Anabela Canas queria, nesta estreia, um objecto bonito capaz de guardar as imagens pelas quais, diz, “tem um grande carinho”. “Gosto dos meus desenhos e quando estão feitos olho para eles de um ponto de vista exterior, como se não fosse eu, e quando gosto sinto mesmo muito carinho”, contou. Por isso queria que fossem guardados como merecem. “Não queria que ficassem enterrados”.

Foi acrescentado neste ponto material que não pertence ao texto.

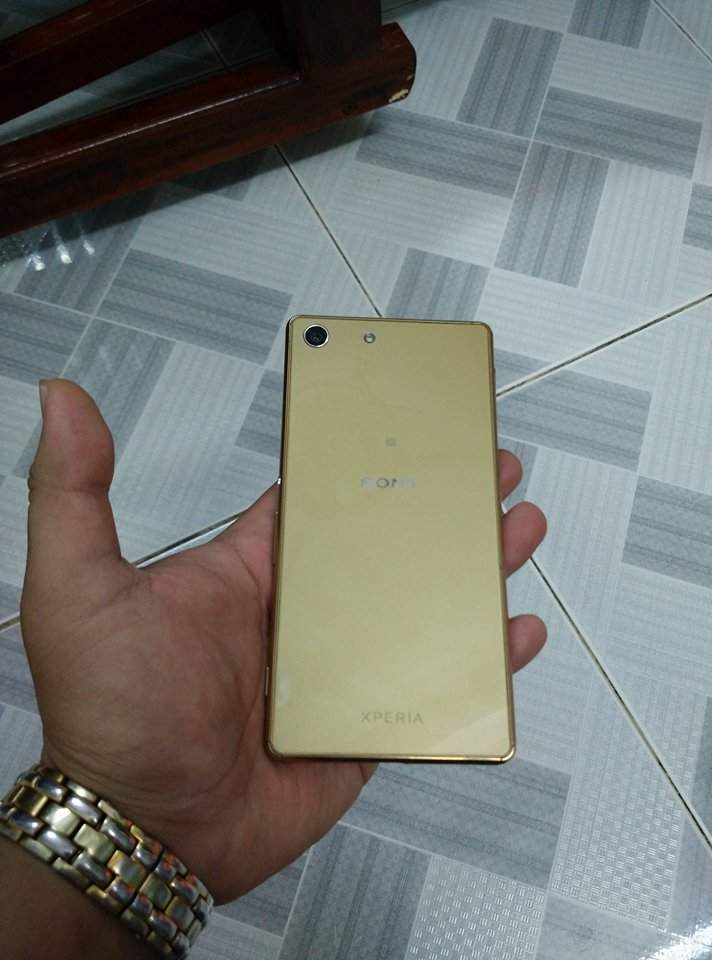 sony m5 gold2...jpg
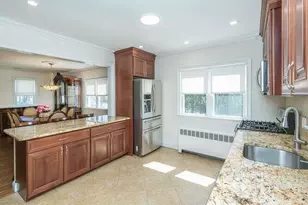 1 Roosevelt St, Glen Cove, NY 11542 - Photo 6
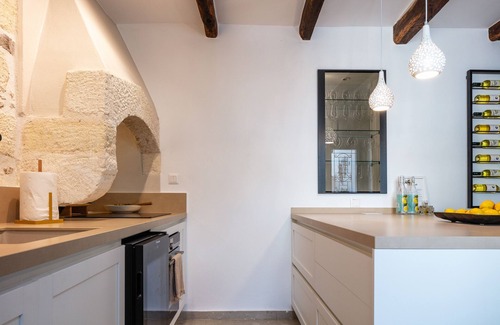 Old Town Rethymnon Villa | Modern Stone Villa Lemonia w/(heated-hot tub)pool/Steam room, Old City, Rethymno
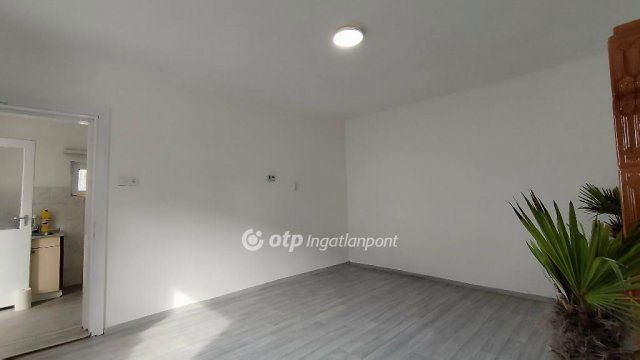 Eladó téglalakás, Budapesten, XX. kerületben 61.9 M Ft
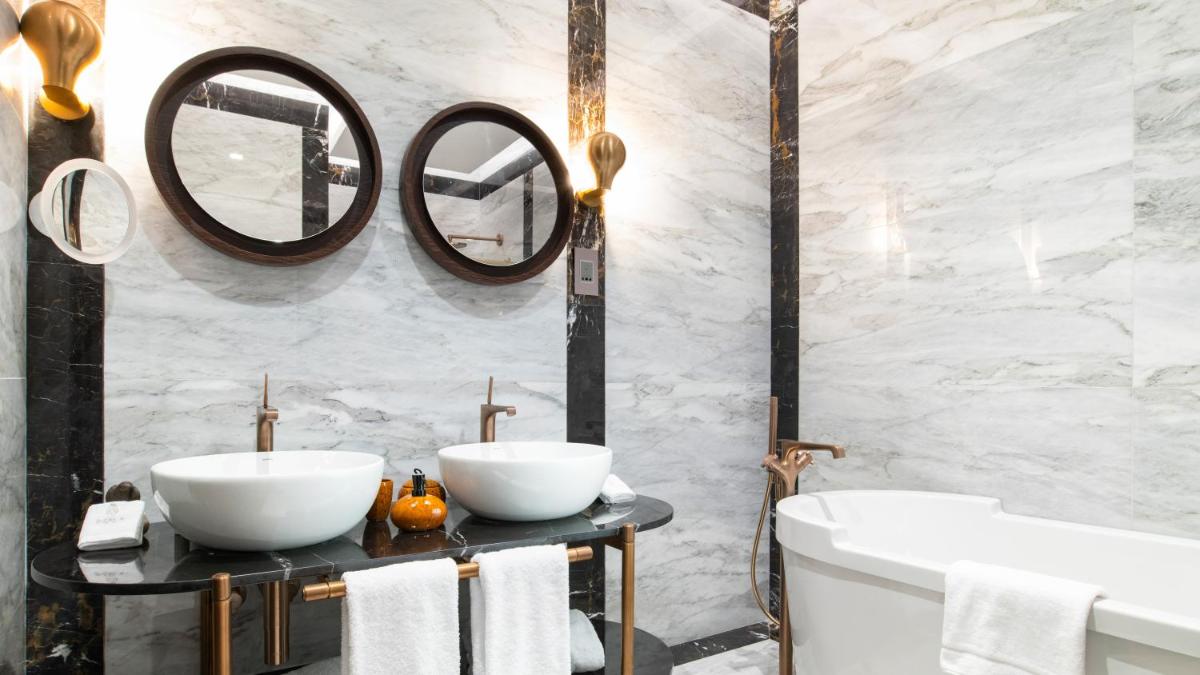 Iniala Harbour House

A escolha de Macau para a estreia das palavras publicadas em livro  representa “um dilema enorme depois de 15 anos de ausência para arrumar bem as nostalgias”. Macau é agora uma segunda terra que faz com que o que está a acontecer “ainda faça mais sentido”.

Iluminação artificial

Um dia, por um daqueles puros e aleatórios acasos, encontrei-me com um aspecto ligado à antiga arte de iluminar, que me encantou. Monges copistas, na sua tarefa de horas perdidas, horas e horas, dias e anos “num trabalho que não tinha pressa de chegar ao fim”, outros, ou os mesmos, a tecer iluminuras preciosas, a ouro ou prata, a negro e a cores, e que de caminho, talvez os primeiros, anotavam nas margens dos manuscritos os seus desabafos nocturnos e humanos. E por temor ao esquecimento, de seres porque sem nome, em que ficariam caídos pelos caminhos longos e infindáveis da posteridade, o costume melancólico de deixar uma impressão condoída no final. Uma assinatura, um desabafo que enaltece a nobreza do trabalho, do esforço, um anseio de que lhes rezasse pela saúde e pela alma, alguém.

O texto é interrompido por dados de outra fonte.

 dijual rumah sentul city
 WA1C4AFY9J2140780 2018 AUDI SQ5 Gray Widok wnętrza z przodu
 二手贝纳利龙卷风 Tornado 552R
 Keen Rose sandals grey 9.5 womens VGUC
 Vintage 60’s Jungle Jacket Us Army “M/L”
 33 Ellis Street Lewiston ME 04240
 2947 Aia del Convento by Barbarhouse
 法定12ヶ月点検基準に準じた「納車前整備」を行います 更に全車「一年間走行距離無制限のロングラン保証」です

Imaginá-los ao lado, em noites húmidas a entrar nos ossos e a sair de um sono mal entrado, tocadas a aragens arrefecidas pelas pedras. Agrestes. A fazer dançar chamas a iluminar o cansaço. A ensombrar. E sempre, quase a apagar uma vela grossa mas consumida e suada em grossas lágrimas de cera como gotas alongadas da luz produzida com esforço. A rodeá-los a escuridão povoada de sombras enormes e inquietas, nas velhas abadias medievais, quando as tarefas insaráveis lhes curvavam as costas em dor e tolhiam os dedos. O desenho de uma escrita trabalhosa, vingada em lamentos nas margens do texto. Desabafos esquecidos ao apagamento, ou deixados porque sim. A distinguir o fim antes da madrugada, ou o início no fim da noite. Porque as horas se alongam e a tarefa não tem fim. Porque a tinta está demasiado fina. Porque já mereciam um copo de vinho espesso a aquecer a alma e ou pés. Invento.

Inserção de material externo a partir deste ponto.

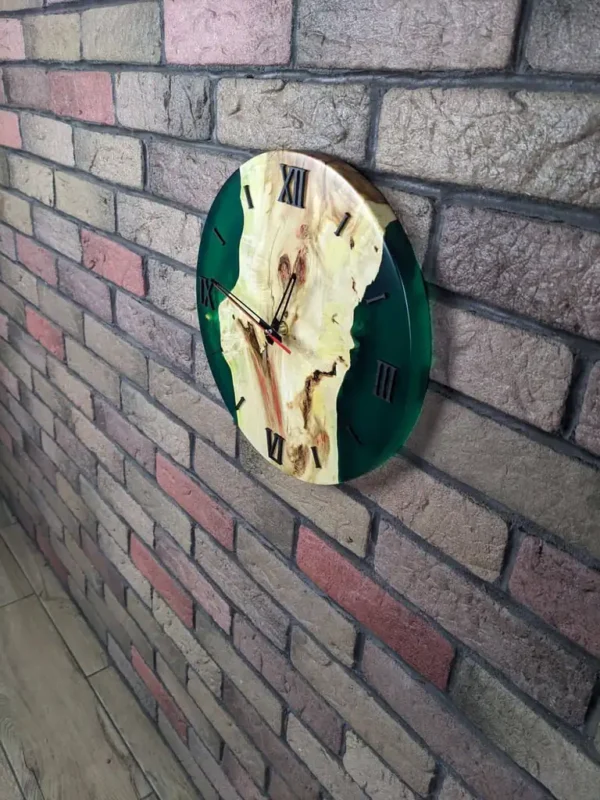 Maple Wood Epoxy Wall Clock with Emerald Green Resin - Image 3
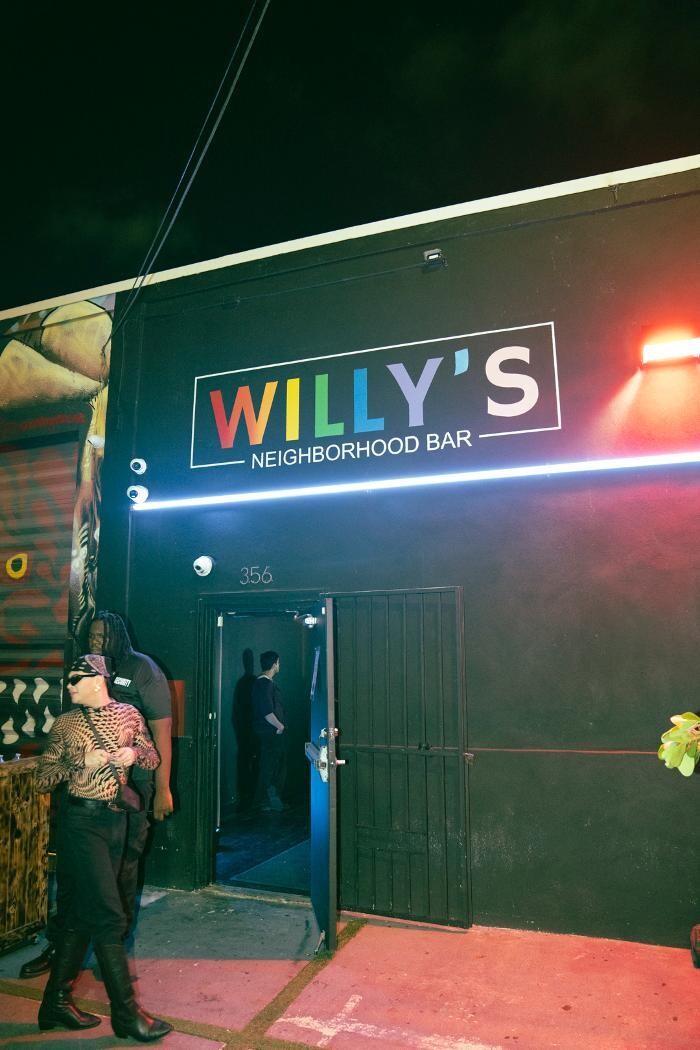 Images Willy's Neighborhood Bar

E assim me podia fantasiar, por vezes, com eles e pela noite fora a tentar laboriosamente vencer o tempo e o sono, e iluminar um texto que só a meio se me começava a desvendar, e só então e não mais, e porque noutros momentos o sentia fechar sobre si, ou a desviar sentidos a meio ou à procura de um reforço a apontar para outros lugares do texto entre linhas. Entre as linhas, como nas margens e como eles, que aí colocavam glosas a desvendar um latim longínquo do falado. Entre as linhas ou nas margens se caminhou para o futuro dicionário de sentidos. A ficar pelos tempos no imaginário da língua, a insinuação sobre as palavras ocultas agora, entre as linhas visíveis e o discurso não dito. A ler nas entrelinhas.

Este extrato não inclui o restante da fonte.